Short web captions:
Content starts
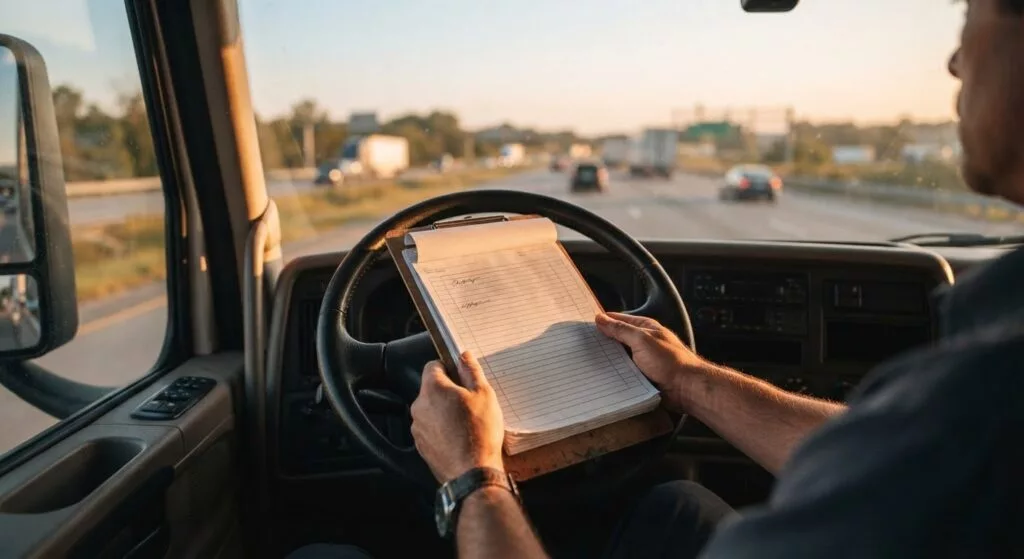 Handen van een chauffeur met de doorslagen van een vrachtbrief op een klembord in de cabine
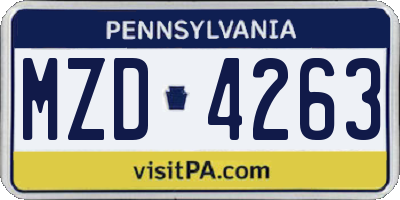 PA license plate MZD4263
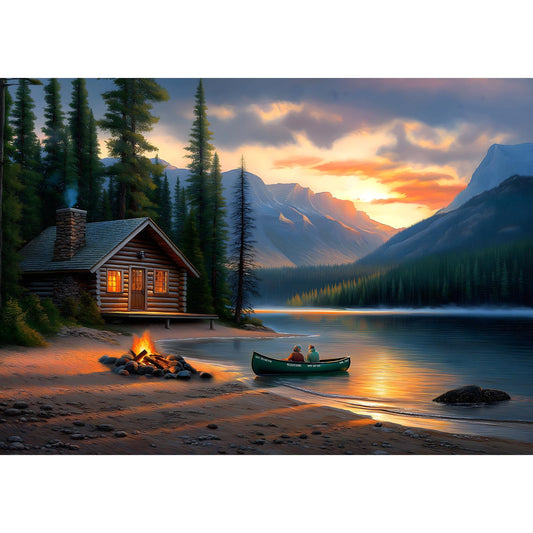 Blueforest Mountain Lake puzzle with panoramic log cabin scene, ideal for mindful relaxation.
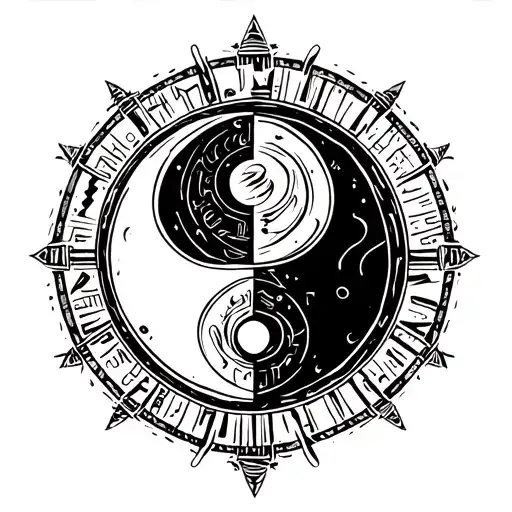 Egyptian Theme Space Ying Yang Round Logo Incorporated Within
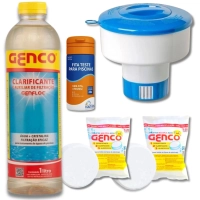 Kit 50 Fitas Avaliar 3 em 1 Cloro, Ph e Alcalinidade + Clarificante + Clorador Grande + 2 Pastilhas de Cloro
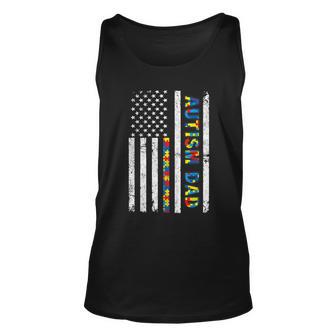 Autism Awareness Proud Autism Dad Vintage Usa Flag Gifts Men V2 Unisex Tank Top | Seseable UK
Content ends
Action item: Exactly as written, restate the lines from the one that contains "Egyptian Theme Space" through the final line of the data, both ends included, but leave out the pictures.

Exercise response:
 Egyptian Theme Space Ying Yang Round Logo Incorporated Within
 Kit 50 Fitas Avaliar 3 em 1 Cloro, Ph e Alcalinidade + Clarificante + Clorador Grande + 2 Pastilhas de Cloro
 Autism Awareness Proud Autism Dad Vintage Usa Flag Gifts Men V2 Unisex Tank Top | Seseable UK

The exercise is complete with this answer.